__The data__:
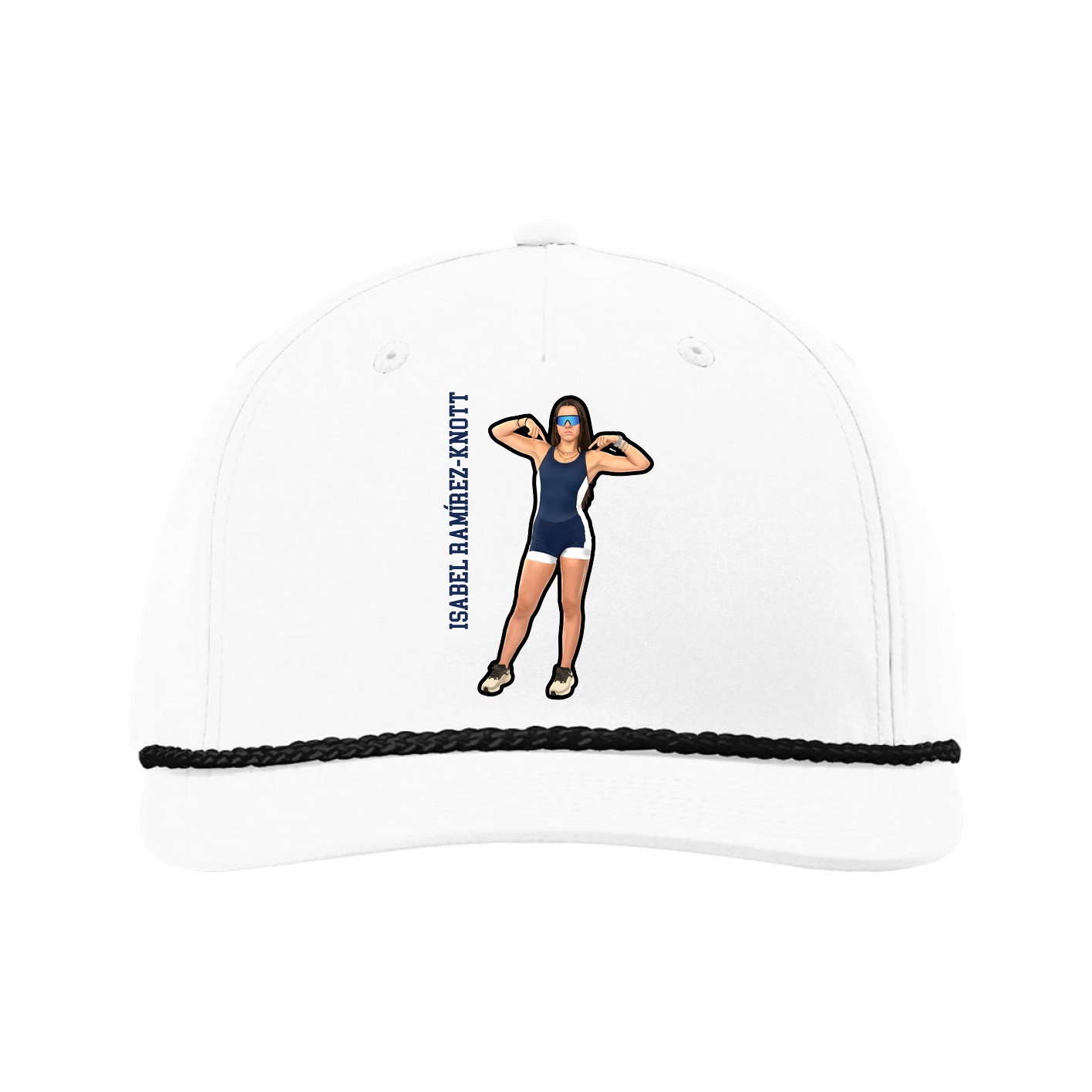 Five-Panel Classic Rope Cap — Name Vertical in White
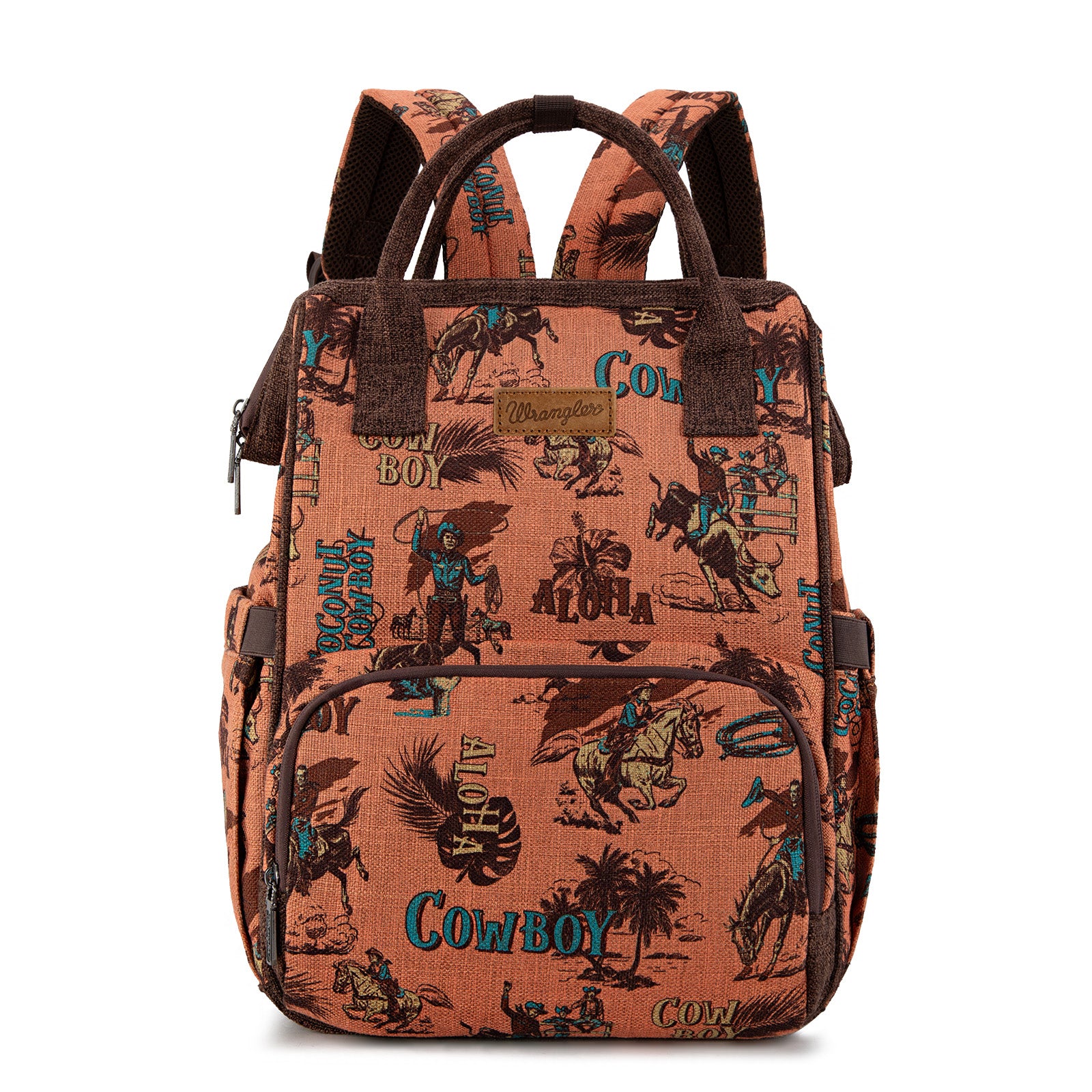 Kids Rodeo Backpack WG60-9110 Wrangler Vintage Retro Cowboy Cool Print Backpack - Dark Bro ...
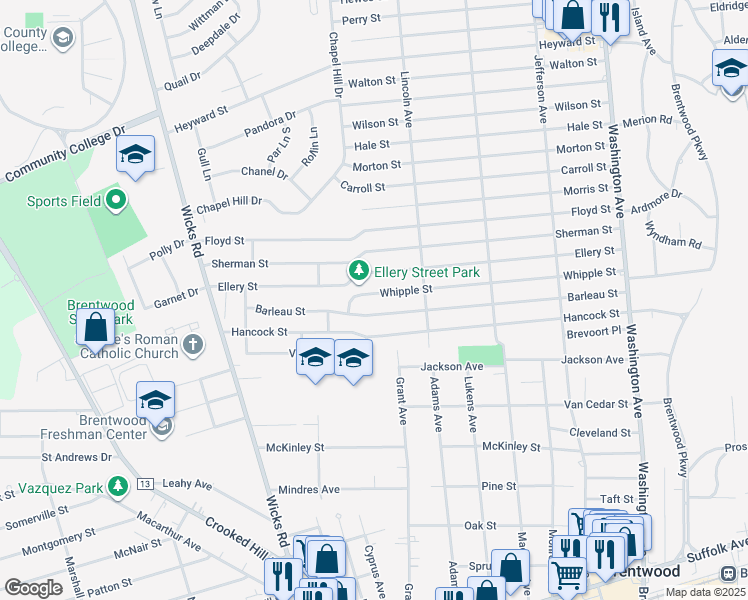 map of restaurants, bars, coffee shops, grocery stores, and more near 320 Barleau Street in Brentwood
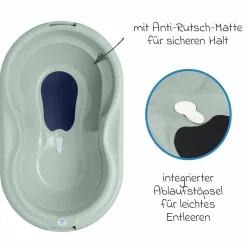 4-tlg. Badeset / Badestation Tilo - inkl. Badewanne + Wannenständer + Badeliege + Ablaufschlauch - Sage Green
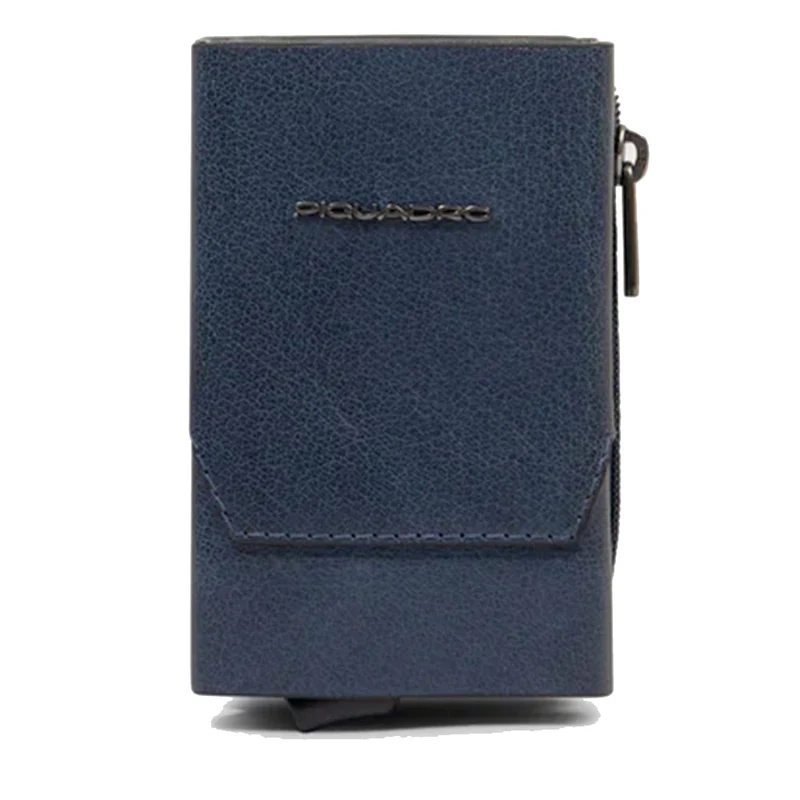 Portacarte PIQUADRO in Pelle e Alluminio con RFID Colore Avio Linea Solm - PP5585S141R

__Exercise description__:
Extract all the data above exactly, excluding every picture.

__Your response__:
 Five-Panel Classic Rope Cap — Name Vertical in White
 Kids Rodeo Backpack WG60-9110 Wrangler Vintage Retro Cowboy Cool Print Backpack - Dark Bro ...
 map of restaurants, bars, coffee shops, grocery stores, and more near 320 Barleau Street in Brentwood
 4-tlg. Badeset / Badestation Tilo - inkl. Badewanne + Wannenständer + Badeliege + Ablaufschlauch - Sage Green
 Portacarte PIQUADRO in Pelle e Alluminio con RFID Colore Avio Linea Solm - PP5585S141R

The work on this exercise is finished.